--- TASK ---
The answer is all of the entries below, repeated exactly and free of pictures.

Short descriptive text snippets
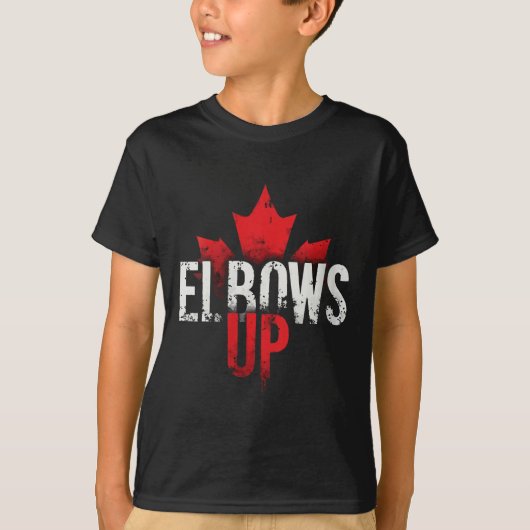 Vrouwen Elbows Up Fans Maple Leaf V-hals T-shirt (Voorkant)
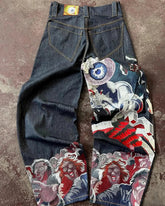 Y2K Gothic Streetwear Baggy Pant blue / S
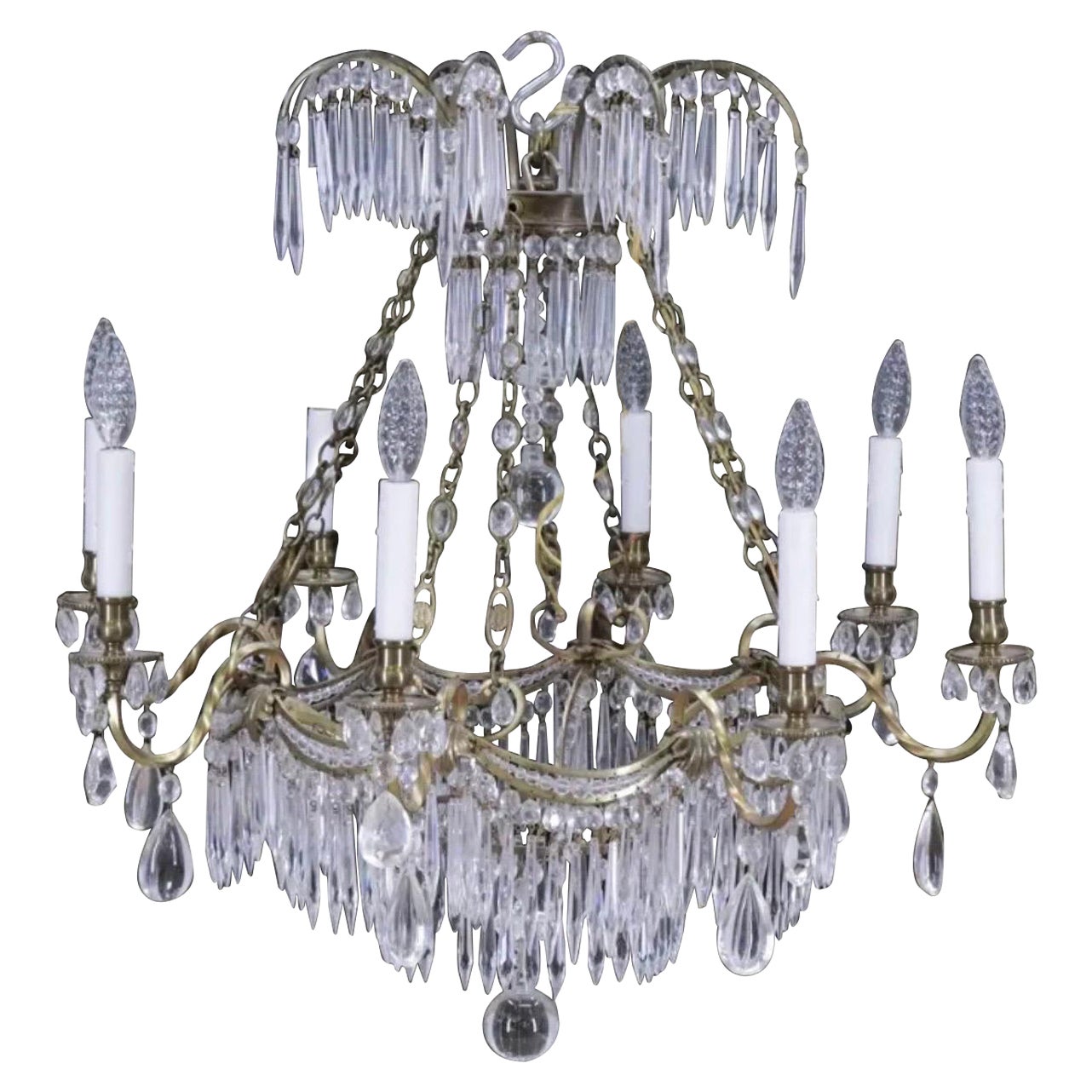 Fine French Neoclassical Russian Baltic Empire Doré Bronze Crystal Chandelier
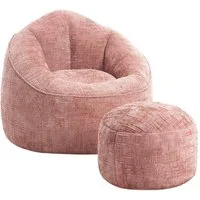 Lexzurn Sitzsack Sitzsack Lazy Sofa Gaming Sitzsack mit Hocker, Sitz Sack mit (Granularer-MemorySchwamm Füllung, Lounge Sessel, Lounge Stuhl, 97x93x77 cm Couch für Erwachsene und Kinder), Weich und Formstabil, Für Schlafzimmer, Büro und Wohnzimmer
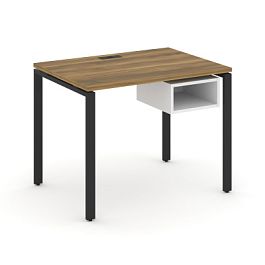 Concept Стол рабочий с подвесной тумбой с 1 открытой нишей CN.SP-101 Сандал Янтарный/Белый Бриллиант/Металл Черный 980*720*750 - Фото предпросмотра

--- RESPONSE BELOW ---
 Vrouwen Elbows Up Fans Maple Leaf V-hals T-shirt (Voorkant)
 Y2K Gothic Streetwear Baggy Pant blue / S
 Fine French Neoclassical Russian Baltic Empire Doré Bronze Crystal Chandelier
 Lexzurn Sitzsack Sitzsack Lazy Sofa Gaming Sitzsack mit Hocker, Sitz Sack mit (Granularer-MemorySchwamm Füllung, Lounge Sessel, Lounge Stuhl, 97x93x77 cm Couch für Erwachsene und Kinder), Weich und Formstabil, Für Schlafzimmer, Büro und Wohnzimmer
 Concept Стол рабочий с подвесной тумбой с 1 открытой нишей CN.SP-101 Сандал Янтарный/Белый Бриллиант/Металл Черный 980*720*750 - Фото предпросмотра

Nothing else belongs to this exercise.